Abstract

Ventilator associated pneumonia (VAP) is pneumonia that develops 48 h after intubation. VAP is the second most common nosocomial infection in PICU patients and is associated with increased duration of ventilation, ICU stay, hospital stay, and cost. VAP is a preventable healthcare acquired infection and a Department of Health (1999) Saving Lives initiative. This poster aims to discover whether the introduction of a VAP care bundle (VCB) is effective at reducing VAP rates in PICU. A search of various databases was undertaken, including MedLine, Pubmed, CINHAL, EBSCO, using relevant PICO key words. 3 paediatric research studies were found and 4 published presentations of data. Due to the limited amount of paediatric data the search was extended to include adult studies, producing 12 valid studies. Results conclusively showed a decrease in VAP following the introduction of a VAP care bundle. Paediatric studies showed a reduction ranged from 76%–100% (91% average), with 210 days – 3 years VAP free with associated decreases in length of stay and cost. Adult studies found a 62% average decrease in VAP, with higher reduction in VAP associated with increased compliance. Due to limitations of the observational designs used, various implementation strategies, and lack of consistency in VCB elements, it is difficult to determine what is responsible for the measured outcomes.
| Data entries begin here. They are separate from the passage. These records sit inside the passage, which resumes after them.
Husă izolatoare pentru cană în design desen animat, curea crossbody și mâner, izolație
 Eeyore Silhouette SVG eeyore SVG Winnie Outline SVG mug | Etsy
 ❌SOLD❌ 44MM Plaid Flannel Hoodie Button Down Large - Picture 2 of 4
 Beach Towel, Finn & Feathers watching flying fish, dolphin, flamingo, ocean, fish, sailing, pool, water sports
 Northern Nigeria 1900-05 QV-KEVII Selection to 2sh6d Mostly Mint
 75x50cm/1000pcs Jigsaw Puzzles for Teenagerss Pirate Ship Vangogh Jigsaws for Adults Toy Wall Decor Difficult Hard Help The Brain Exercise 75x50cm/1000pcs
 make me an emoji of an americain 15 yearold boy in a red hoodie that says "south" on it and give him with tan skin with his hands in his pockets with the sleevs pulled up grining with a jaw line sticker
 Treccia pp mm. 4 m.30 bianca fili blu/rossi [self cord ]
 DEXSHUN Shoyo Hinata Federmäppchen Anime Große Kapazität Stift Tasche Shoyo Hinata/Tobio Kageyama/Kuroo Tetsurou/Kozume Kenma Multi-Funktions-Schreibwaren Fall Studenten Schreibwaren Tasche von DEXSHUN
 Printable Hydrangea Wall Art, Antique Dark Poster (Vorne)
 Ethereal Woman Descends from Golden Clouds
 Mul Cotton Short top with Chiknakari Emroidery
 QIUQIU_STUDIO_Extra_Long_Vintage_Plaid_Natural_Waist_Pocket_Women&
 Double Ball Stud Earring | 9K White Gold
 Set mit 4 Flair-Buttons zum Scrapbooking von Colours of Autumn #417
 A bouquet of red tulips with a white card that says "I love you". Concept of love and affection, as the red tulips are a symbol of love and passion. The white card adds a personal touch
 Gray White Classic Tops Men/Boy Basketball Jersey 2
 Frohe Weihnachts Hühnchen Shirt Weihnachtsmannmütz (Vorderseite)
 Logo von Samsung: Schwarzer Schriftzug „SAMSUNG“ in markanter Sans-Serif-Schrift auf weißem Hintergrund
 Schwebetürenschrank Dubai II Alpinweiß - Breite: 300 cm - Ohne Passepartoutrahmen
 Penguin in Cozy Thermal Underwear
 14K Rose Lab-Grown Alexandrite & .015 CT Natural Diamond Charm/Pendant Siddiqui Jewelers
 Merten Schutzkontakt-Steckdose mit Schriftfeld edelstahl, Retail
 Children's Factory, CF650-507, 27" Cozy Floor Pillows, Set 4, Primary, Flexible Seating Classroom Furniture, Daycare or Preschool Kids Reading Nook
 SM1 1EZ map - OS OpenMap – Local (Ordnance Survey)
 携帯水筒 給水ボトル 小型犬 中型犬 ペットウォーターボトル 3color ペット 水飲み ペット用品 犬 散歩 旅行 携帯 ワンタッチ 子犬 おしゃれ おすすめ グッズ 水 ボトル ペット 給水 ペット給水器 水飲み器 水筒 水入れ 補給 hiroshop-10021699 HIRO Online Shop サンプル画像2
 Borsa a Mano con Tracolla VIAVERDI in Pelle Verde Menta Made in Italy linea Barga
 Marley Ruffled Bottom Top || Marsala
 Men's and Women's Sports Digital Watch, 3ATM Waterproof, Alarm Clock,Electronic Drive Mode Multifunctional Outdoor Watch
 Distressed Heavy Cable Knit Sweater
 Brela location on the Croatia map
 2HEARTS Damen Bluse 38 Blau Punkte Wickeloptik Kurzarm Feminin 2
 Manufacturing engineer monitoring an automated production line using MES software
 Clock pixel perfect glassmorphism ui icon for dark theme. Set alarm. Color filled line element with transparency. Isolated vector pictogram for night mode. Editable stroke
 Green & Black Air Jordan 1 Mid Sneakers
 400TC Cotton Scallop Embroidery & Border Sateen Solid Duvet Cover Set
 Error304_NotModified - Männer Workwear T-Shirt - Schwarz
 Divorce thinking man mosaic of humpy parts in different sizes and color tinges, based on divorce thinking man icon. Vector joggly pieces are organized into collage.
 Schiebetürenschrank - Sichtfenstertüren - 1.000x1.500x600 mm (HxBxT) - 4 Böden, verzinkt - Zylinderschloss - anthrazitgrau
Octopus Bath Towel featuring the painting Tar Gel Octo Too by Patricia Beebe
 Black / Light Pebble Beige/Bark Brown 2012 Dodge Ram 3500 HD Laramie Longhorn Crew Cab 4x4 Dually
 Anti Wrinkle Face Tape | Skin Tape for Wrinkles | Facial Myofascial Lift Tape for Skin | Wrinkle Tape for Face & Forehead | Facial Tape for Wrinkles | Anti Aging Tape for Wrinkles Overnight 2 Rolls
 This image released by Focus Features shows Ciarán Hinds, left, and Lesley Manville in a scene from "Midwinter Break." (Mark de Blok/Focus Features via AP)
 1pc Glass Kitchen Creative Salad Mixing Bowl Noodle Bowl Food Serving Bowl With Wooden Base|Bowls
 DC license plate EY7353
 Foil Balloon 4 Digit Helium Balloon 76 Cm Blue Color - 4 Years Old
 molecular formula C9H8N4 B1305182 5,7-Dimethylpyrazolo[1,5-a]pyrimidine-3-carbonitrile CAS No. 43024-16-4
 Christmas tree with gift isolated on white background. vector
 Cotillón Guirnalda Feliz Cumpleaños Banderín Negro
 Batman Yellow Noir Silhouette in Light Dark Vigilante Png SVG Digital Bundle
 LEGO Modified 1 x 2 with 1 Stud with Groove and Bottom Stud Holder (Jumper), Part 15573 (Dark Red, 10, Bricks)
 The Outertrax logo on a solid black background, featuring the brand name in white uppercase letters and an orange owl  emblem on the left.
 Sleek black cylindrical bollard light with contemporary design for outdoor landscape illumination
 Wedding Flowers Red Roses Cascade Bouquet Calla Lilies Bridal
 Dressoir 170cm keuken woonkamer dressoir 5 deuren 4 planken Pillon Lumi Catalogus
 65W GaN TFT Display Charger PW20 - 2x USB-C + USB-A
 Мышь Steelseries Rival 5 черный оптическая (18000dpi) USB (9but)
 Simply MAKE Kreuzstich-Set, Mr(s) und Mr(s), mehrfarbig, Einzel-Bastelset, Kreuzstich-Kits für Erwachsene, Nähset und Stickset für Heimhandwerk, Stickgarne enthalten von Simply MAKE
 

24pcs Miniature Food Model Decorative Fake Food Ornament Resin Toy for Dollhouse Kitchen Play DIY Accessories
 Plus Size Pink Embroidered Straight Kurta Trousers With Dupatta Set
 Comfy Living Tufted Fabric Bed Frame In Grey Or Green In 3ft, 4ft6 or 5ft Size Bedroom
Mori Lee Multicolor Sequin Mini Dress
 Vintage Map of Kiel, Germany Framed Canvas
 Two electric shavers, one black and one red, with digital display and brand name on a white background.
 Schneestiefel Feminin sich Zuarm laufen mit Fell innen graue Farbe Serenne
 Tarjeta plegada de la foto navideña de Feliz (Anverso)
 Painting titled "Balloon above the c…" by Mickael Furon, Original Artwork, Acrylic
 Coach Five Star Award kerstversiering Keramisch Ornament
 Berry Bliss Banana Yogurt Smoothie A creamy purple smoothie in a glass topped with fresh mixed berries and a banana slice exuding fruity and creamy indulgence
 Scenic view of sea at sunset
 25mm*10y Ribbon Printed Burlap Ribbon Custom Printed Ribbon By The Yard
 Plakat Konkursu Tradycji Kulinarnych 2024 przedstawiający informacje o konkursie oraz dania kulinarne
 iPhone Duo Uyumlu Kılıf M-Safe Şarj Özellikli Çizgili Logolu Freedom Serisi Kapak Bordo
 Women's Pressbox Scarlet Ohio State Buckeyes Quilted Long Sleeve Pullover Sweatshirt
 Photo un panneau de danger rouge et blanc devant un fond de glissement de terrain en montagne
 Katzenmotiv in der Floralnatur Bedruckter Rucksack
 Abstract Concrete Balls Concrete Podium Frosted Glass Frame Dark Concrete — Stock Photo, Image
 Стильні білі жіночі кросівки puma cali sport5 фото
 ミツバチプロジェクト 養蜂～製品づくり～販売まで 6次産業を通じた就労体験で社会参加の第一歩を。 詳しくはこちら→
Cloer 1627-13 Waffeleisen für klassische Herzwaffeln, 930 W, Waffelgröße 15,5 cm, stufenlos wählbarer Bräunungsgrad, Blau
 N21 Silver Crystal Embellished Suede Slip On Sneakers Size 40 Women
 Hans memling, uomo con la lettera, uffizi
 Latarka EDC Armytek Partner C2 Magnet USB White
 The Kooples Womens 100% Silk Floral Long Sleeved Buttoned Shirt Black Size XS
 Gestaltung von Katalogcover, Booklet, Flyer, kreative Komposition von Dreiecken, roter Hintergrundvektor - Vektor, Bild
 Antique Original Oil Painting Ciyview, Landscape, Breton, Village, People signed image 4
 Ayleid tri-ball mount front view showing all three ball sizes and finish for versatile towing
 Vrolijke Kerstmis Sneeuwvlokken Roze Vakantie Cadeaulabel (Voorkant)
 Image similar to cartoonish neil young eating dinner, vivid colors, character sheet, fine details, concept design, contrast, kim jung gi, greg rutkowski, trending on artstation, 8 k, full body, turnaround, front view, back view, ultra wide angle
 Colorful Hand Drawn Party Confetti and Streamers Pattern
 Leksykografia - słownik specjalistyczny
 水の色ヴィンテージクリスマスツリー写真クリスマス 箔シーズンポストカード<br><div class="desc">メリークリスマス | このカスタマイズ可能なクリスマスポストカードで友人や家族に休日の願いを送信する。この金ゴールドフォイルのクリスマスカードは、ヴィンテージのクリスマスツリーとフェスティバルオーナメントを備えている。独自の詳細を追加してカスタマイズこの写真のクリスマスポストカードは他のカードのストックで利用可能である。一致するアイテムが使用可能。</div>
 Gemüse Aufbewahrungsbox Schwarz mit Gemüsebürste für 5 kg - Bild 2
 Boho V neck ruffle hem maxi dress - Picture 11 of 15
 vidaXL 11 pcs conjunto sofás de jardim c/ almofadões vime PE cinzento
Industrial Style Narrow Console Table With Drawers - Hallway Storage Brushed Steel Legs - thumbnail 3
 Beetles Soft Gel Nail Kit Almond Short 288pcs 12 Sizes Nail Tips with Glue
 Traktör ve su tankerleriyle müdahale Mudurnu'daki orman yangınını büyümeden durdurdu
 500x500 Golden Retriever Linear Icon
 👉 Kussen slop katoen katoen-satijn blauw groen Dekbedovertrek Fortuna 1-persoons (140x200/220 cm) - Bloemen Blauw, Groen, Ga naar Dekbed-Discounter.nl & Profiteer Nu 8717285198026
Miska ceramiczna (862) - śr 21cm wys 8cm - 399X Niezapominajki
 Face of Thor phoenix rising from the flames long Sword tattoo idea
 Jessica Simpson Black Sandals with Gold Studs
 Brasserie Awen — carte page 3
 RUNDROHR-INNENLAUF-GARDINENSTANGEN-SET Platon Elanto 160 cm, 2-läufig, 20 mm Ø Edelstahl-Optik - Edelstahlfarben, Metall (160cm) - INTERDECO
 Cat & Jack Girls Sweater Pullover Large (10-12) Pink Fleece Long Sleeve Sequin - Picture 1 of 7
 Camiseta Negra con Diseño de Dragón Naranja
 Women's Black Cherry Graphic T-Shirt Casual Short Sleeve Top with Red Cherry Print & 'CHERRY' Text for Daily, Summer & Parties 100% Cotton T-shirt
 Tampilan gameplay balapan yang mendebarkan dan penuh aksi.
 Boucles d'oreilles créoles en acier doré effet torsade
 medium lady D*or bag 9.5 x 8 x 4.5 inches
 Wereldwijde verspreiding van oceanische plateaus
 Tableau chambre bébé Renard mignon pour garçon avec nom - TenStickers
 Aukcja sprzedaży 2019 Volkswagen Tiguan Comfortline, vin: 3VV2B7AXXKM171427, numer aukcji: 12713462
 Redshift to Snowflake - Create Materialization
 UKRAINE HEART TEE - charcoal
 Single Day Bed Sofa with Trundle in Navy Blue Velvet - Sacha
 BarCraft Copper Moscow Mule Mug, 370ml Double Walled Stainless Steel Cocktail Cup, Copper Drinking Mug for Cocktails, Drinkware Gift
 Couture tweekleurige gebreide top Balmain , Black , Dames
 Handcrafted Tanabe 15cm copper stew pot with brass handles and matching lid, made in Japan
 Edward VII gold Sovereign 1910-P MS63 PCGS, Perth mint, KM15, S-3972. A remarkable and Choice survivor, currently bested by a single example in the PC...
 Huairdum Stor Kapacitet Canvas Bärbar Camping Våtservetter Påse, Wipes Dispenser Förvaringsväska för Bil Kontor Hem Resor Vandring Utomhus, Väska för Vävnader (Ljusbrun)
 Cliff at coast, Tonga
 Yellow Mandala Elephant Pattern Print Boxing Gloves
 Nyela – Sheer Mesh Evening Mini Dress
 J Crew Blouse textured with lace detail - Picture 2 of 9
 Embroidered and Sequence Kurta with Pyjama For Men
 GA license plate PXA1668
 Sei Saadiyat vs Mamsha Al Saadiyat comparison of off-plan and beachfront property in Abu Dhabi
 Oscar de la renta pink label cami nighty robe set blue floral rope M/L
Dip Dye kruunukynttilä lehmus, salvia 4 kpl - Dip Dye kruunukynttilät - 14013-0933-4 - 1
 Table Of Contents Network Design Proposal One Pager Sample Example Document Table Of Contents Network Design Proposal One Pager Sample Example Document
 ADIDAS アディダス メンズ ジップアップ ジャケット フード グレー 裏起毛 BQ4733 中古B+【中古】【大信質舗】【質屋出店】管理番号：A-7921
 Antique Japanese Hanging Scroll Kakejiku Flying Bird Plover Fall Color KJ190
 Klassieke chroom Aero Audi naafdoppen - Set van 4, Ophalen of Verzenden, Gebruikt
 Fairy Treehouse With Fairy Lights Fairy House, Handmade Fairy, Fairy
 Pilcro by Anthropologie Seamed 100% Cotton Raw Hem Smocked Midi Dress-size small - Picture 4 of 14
However the weight of evidence showing VAP reduction with VCB use suggests a strong relationship. And although the evidence is not at the highest experimental level, it is at the highest ethically acceptable level. It should also be taking into consideration that each individual bundle component is supported by its own breadth of high level experimental evidence. Routine use of VCB is widespread in adult ICUs, and the adult and paediatric literature agree that care bundles are an effective method for reducing the incidence of ventilator associated pneumonia. Therefore in absence of any contradictory data, care bundles should be adopted in paediatric intensive care practice. Further research is required to examine individual elements of the paediatric VCB; but with a synchronised team approach, VCB can result in continued reductions in VAP, length of stay, and costs.